(Short web captions)
===============
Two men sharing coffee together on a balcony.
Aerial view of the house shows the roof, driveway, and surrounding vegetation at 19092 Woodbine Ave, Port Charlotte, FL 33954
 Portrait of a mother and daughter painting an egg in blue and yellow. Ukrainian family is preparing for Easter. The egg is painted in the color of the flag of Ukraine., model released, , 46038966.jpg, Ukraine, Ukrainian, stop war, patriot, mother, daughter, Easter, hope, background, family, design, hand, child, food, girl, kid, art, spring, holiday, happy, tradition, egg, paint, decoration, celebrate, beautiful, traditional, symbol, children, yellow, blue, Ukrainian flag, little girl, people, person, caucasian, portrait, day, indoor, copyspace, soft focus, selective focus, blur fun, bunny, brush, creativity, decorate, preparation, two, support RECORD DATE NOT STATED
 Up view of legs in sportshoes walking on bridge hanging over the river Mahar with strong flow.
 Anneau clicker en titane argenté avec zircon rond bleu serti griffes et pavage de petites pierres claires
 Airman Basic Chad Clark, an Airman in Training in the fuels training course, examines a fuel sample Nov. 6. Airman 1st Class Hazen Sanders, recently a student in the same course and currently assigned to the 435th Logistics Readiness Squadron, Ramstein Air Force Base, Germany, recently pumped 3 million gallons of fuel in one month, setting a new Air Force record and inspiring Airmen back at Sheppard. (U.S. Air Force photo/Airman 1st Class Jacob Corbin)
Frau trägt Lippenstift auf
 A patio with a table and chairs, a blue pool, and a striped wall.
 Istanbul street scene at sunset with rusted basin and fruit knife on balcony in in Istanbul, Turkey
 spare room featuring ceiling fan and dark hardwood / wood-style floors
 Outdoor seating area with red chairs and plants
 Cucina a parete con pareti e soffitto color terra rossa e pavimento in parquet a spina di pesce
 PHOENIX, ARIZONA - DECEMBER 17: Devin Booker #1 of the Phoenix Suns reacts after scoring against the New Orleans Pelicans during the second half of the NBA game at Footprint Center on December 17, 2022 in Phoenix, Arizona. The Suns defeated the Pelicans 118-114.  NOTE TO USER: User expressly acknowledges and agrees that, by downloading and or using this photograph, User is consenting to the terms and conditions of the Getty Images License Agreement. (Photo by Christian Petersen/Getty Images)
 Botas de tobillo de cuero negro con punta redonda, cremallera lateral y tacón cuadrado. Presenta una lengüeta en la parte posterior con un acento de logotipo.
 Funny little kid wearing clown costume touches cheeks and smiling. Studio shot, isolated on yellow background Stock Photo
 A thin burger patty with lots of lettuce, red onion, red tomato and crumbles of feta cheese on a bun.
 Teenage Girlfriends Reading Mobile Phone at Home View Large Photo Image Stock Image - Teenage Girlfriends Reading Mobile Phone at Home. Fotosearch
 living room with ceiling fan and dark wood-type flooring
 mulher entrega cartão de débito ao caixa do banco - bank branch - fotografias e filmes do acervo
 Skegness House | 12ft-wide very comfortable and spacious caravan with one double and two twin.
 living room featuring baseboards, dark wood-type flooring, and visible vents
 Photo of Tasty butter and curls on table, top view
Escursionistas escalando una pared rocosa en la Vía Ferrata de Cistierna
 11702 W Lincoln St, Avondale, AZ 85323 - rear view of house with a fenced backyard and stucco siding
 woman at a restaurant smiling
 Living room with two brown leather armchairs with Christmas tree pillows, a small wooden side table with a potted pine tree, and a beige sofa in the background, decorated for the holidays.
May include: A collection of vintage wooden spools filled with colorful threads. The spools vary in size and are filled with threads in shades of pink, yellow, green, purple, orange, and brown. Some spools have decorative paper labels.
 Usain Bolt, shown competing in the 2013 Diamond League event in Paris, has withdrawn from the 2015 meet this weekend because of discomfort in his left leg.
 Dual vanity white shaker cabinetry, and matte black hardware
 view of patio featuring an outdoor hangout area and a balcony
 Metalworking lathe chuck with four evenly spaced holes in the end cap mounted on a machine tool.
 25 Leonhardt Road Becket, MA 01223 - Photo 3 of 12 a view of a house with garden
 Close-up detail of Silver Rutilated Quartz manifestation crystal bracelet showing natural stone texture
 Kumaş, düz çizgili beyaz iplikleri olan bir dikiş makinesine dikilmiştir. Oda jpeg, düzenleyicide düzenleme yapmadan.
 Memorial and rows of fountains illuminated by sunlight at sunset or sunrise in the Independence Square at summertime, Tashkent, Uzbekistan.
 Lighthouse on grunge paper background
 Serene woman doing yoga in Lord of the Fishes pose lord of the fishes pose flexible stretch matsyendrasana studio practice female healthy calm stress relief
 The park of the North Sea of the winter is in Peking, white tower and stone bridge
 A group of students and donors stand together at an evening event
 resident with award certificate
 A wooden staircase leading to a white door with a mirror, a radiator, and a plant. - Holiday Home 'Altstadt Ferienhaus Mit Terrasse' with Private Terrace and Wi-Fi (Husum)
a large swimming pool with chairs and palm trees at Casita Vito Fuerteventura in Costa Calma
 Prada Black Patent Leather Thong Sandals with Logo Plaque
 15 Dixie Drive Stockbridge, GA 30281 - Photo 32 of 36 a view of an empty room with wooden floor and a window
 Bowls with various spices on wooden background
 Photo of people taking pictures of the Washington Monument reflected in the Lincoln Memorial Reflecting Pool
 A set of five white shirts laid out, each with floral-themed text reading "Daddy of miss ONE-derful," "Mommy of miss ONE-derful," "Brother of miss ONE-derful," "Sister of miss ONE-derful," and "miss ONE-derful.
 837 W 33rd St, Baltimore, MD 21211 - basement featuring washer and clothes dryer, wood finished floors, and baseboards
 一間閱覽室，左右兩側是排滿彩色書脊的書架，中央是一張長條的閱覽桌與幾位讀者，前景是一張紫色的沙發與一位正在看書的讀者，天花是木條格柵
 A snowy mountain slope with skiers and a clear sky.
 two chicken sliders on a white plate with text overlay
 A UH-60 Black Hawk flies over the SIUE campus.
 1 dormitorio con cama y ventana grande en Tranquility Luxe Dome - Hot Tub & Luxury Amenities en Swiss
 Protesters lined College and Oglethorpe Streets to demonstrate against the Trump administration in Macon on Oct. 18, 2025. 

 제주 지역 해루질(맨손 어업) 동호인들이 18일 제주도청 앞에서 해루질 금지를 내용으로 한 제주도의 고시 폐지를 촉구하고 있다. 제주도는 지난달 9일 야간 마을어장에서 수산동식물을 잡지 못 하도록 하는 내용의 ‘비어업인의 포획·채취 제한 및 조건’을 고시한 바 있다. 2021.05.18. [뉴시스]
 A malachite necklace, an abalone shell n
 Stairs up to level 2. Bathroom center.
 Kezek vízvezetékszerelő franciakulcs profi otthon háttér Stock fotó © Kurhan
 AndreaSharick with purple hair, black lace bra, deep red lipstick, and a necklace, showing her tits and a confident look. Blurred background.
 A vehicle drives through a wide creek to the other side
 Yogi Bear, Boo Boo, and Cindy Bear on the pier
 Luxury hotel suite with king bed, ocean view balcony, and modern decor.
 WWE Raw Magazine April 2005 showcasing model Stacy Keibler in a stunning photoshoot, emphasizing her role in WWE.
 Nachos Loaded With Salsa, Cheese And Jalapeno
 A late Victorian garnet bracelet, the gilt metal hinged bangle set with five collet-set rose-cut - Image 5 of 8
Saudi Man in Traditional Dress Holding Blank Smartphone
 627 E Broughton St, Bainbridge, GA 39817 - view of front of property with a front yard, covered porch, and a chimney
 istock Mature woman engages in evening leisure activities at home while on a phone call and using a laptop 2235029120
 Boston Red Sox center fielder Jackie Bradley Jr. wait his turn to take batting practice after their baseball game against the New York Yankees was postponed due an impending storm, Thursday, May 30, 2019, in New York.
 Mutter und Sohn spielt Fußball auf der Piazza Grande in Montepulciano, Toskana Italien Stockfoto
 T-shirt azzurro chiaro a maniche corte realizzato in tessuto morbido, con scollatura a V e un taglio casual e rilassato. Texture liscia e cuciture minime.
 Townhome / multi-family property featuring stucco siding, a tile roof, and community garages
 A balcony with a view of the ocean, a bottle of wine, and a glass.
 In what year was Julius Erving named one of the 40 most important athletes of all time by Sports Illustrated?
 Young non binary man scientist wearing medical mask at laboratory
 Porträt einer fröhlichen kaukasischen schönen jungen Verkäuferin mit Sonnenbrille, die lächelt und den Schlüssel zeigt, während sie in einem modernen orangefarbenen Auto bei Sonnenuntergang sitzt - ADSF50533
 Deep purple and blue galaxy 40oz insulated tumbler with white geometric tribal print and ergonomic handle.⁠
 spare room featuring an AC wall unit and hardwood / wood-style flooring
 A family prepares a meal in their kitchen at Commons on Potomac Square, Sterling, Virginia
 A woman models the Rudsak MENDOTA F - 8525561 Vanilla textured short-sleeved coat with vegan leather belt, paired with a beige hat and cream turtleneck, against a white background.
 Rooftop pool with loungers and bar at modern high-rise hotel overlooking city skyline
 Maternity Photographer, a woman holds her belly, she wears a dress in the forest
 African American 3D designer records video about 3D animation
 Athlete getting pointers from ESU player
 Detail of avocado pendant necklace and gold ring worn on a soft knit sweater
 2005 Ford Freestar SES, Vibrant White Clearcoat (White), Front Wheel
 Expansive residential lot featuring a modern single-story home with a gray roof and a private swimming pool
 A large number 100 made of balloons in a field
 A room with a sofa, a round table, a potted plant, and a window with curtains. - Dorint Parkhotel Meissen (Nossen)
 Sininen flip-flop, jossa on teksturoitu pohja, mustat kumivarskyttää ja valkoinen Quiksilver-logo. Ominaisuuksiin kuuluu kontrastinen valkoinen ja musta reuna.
===============
• [Instructions to follow]:
Retype only this portion of the data above: the line containing "A family prepares", the line containing "Detail of avocado", and all lines between them, exactly.

• [Response]:
 A family prepares a meal in their kitchen at Commons on Potomac Square, Sterling, Virginia
 A woman models the Rudsak MENDOTA F - 8525561 Vanilla textured short-sleeved coat with vegan leather belt, paired with a beige hat and cream turtleneck, against a white background.
 Rooftop pool with loungers and bar at modern high-rise hotel overlooking city skyline
 Maternity Photographer, a woman holds her belly, she wears a dress in the forest
 African American 3D designer records video about 3D animation
 Athlete getting pointers from ESU player
 Detail of avocado pendant necklace and gold ring worn on a soft knit sweater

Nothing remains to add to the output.